▶

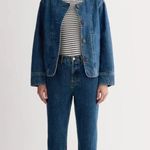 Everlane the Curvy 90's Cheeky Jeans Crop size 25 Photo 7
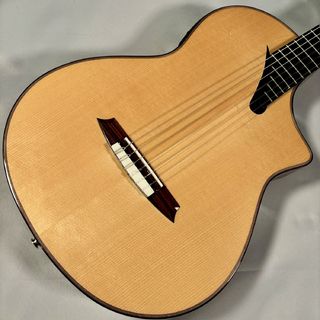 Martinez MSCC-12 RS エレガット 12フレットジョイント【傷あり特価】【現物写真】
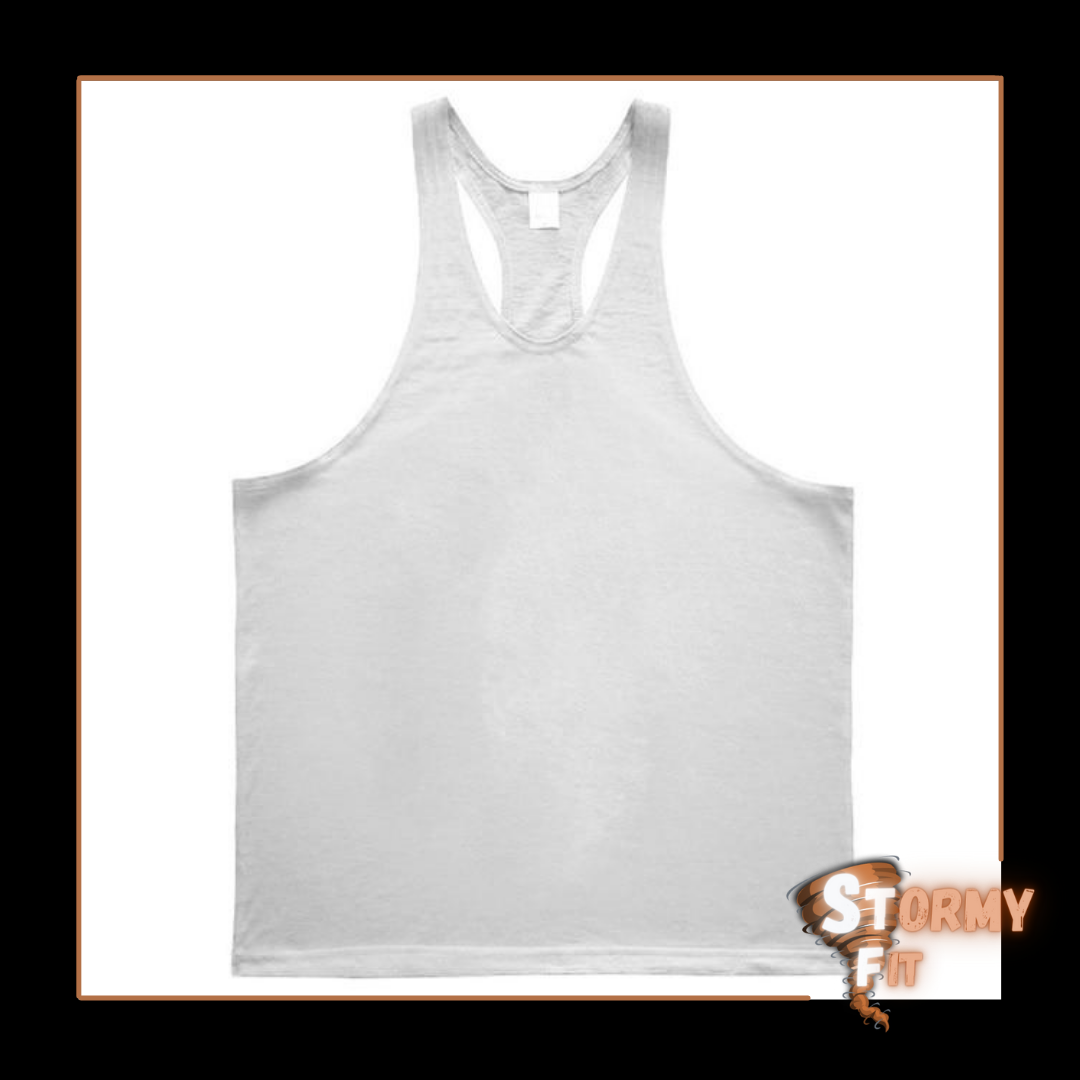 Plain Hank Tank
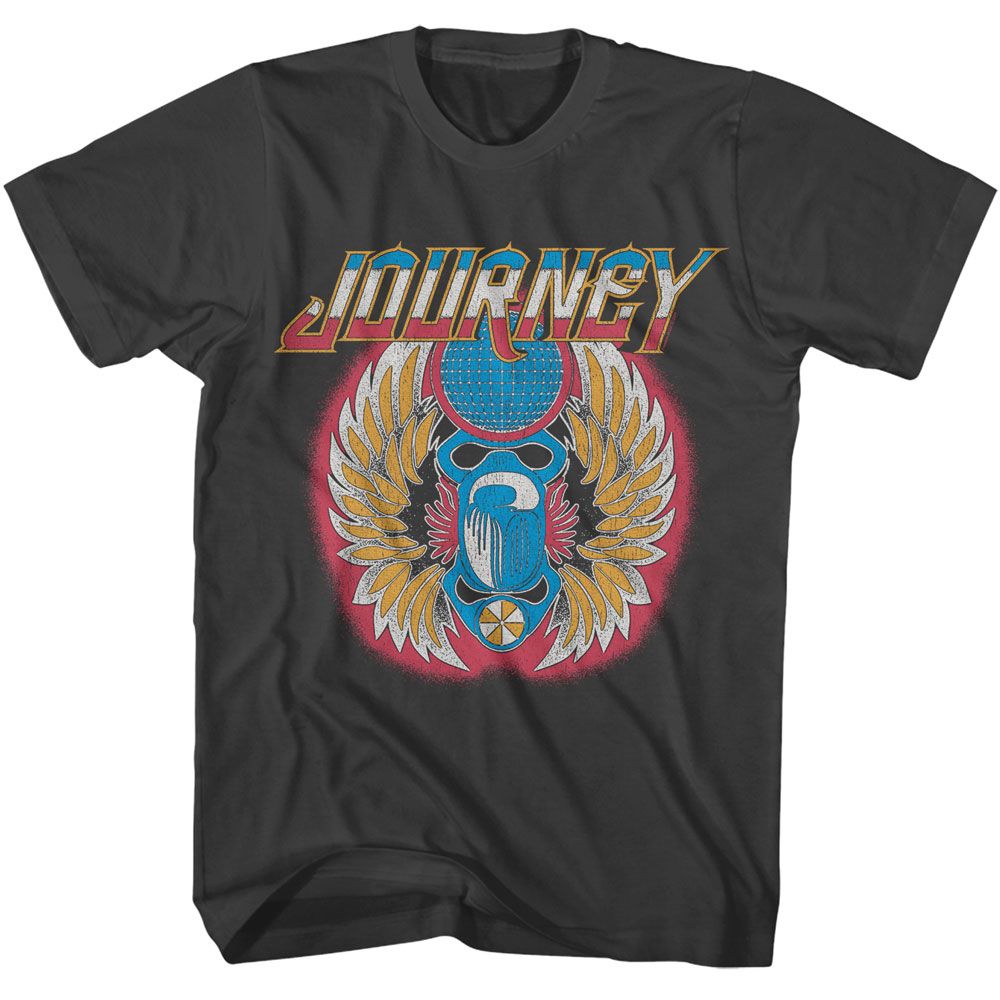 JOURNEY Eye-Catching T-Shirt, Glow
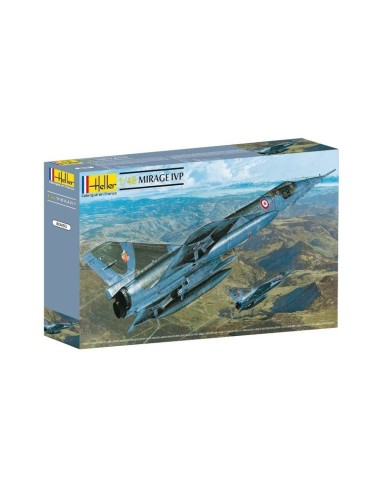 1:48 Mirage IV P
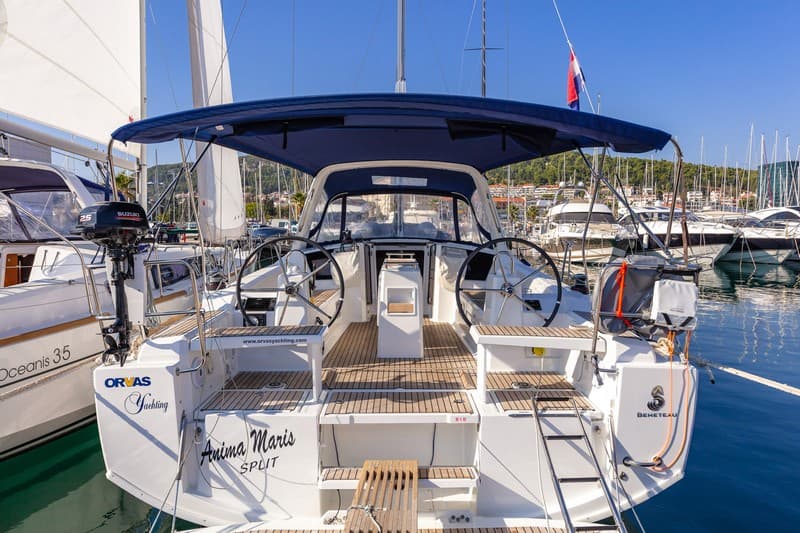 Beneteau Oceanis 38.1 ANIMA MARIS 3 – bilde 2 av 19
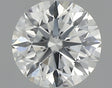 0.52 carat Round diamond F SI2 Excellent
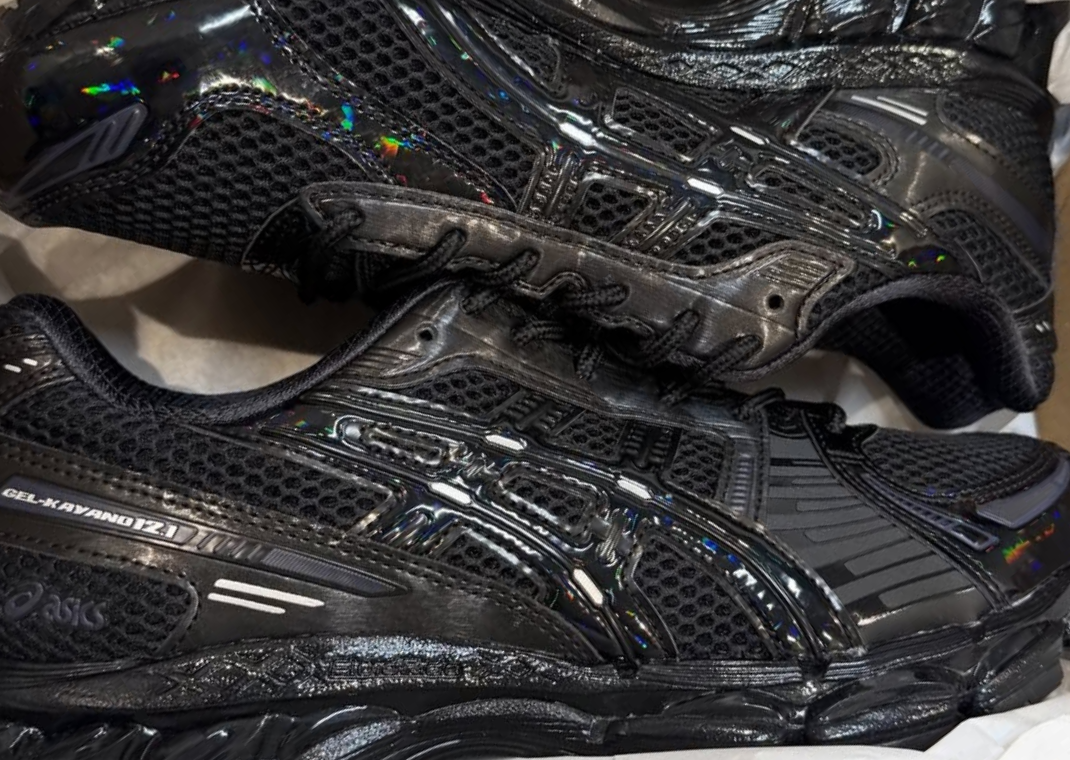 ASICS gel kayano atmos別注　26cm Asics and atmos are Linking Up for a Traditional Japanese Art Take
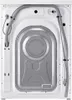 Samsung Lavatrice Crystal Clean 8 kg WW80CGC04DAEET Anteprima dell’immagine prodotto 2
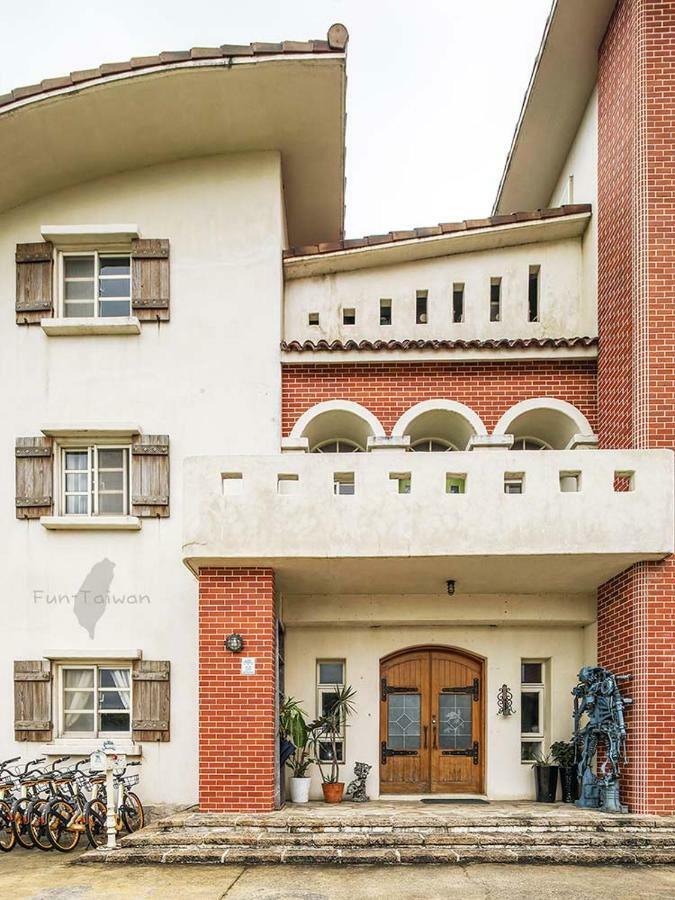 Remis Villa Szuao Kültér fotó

◀

[Problem description]: Output verbatim the lines beginning at the line with "ASICS gel kayano" and ending at the last line of the material above, inclusive. Do not carry over any pictures.

[Exercise result]:
 ASICS gel kayano atmos別注　26cm Asics and atmos are Linking Up for a Traditional Japanese Art Take
 Samsung Lavatrice Crystal Clean 8 kg WW80CGC04DAEET Anteprima dell’immagine prodotto 2
 Remis Villa Szuao Kültér fotó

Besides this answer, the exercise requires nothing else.